Scattered Minds : A New Look at the Origins and Healing of Attention Deficit Disorder
Scattered Minds: A New Look at the Origins and Healing of Attention Deficit Disorder by Gabor Mate

Give Advice By Asking Questions

So how do you give advice without telling someone what they should be doing? The first thing to be aware of is that nobody knows more about what they should be doing than the individual being told what they should be doing. So it is arrogant to believe you know more than them. You might, but you can’t assume it.

Ask questions in a way that the person receiving the advice goes into problem-solving mode. An ideal solution is if the person thinks they discovered the solution to their own problem. I love using the word curious. Learn more about the problem. Many times you discover they’ve already considered what you are thinking or your solution isn’t ideal.

Example – Wrong Approach

SUE: I want to be a chef. I think it would a lot of fun.

TOM: You should read Kitchen Confidential by Anthony Bourdain. The hours and hard work it takes to be a chef is tremendous.

This is bad because Tom is assuming Sue hasn’t read his book recommendation and is unaware of the effort it takes to be a restaurant chef. Tom is also implying he knows more than Sue about becoming a chef, which could, in turn, make Sue defensive and less likely to pursue reading that book.

Example – Better Approach

SUE: I want to be a chef. I think it would a lot of fun.

TOM: What type of restaurant interests you most?

SUE: Something fancy. Maybe in New York City or San Francisco.

TOM: Do you have any chef role models?

SUE: I like a few of the ones on TV. Bobby Flay and the ones that compete on Iron Chef.
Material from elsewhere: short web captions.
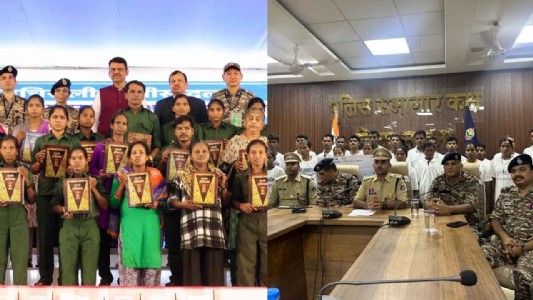 महाराष्ट्र-छत्तीसगढ़ में नक्सली झुके, 88 ने आत्मसमर्पण किया, माओवाद का पतन शुरू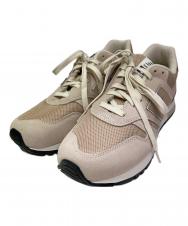 NEW BALANCE (ニューバランス) ローカットスニーカー ベージュ サイズ:27.5cm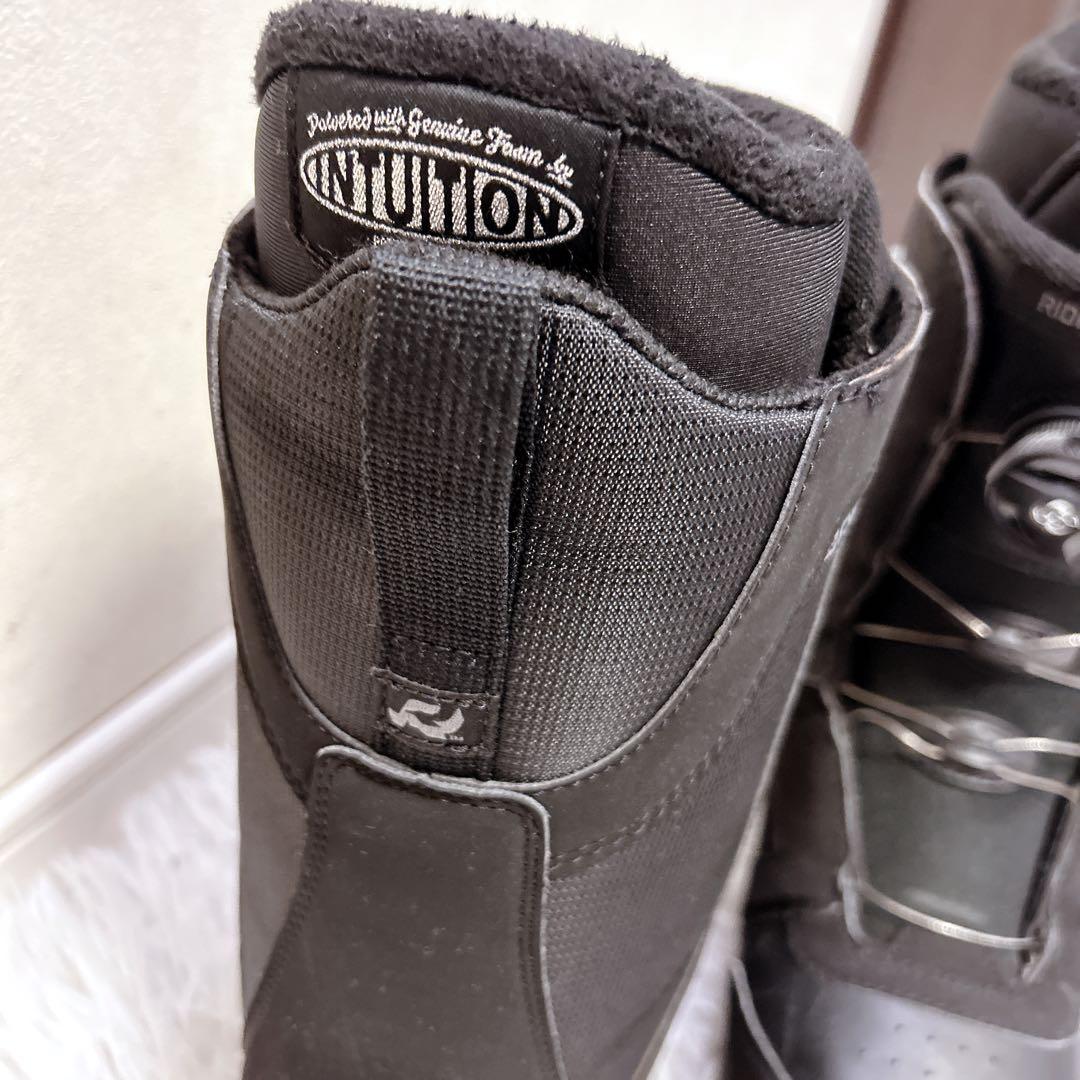 【極美品】RIDE X HARPER スノーボードブーツ ブラック　25.5㎝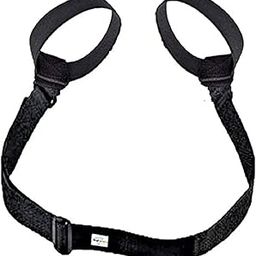 HeadTurners Yoga Mat Strap and Sling Belt for Carrying & Holding Mat- (Black, Pack of 1)-image-23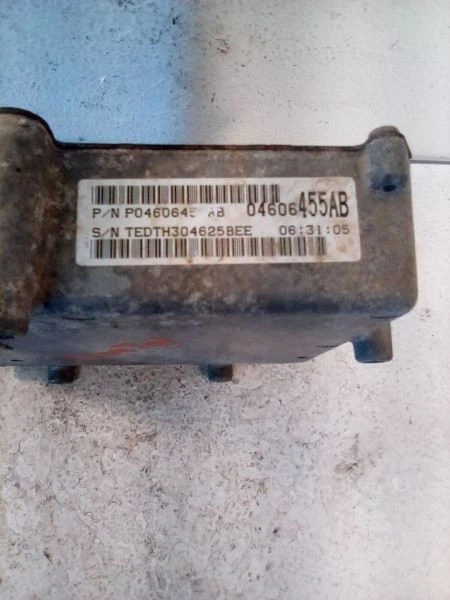 Chasis transmisión ECM compatible con 97 CONCORDE 1078496 Foto 2 de 4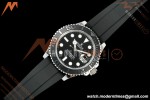 Rolex - YachtMaster 226659 Gain Weight 42mm SS/RU Black Dial QF SH3235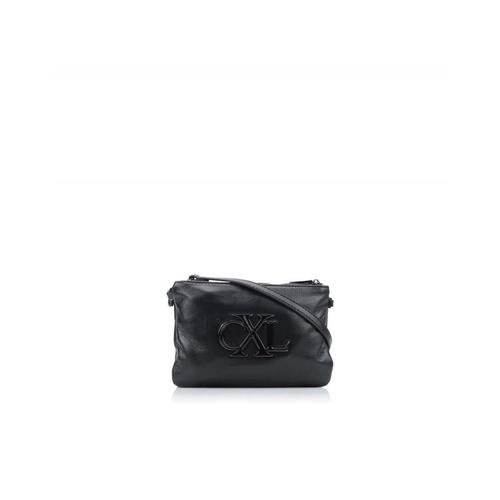 Christian Lacroix Sac Bandoulière en cuir Elyse 5 Noir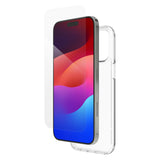 ZAGG InvisibleShield Glass Elite 360 Bundle Tempered Glass Screen Protector and Phone Case for (Multiple Devices), Smudge & Scratch-Resistant, Shockproof, Easy Application (Transparent) My Outlet Store Ltd.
TOM: How about Anthony Bourdain?

SUE: That’s right. He was a chef before he did those travel shows.

TOM: He wrote a book about his experiences as a New York City chef.

SUE: He did? What was the title?

TOM: Kitchen Confidential. Really good book. I developed a greater respect for the level of work it takes to be a top chef.

SUE: Excellent. I am going to check that book out.

This is much better. Sue arrived at the decision to read Kitchen Confidential on her own. The questions also helped Tom learn more about Sue to determine if his advice was even valid. Had Sue said she wanted to open a sandwich shop or a bakery in a small town then the book recommendation wouldn’t have been relevant.

“You Should Open a Coffee Shop.”

I would say that I’ve heard the above advice on average once a month for 15 years. It baffles me that people actually think that I haven’t thought about it ever and that nobody has ever suggested the same thing. For the record, I have zero desire to ever open a coffee shop.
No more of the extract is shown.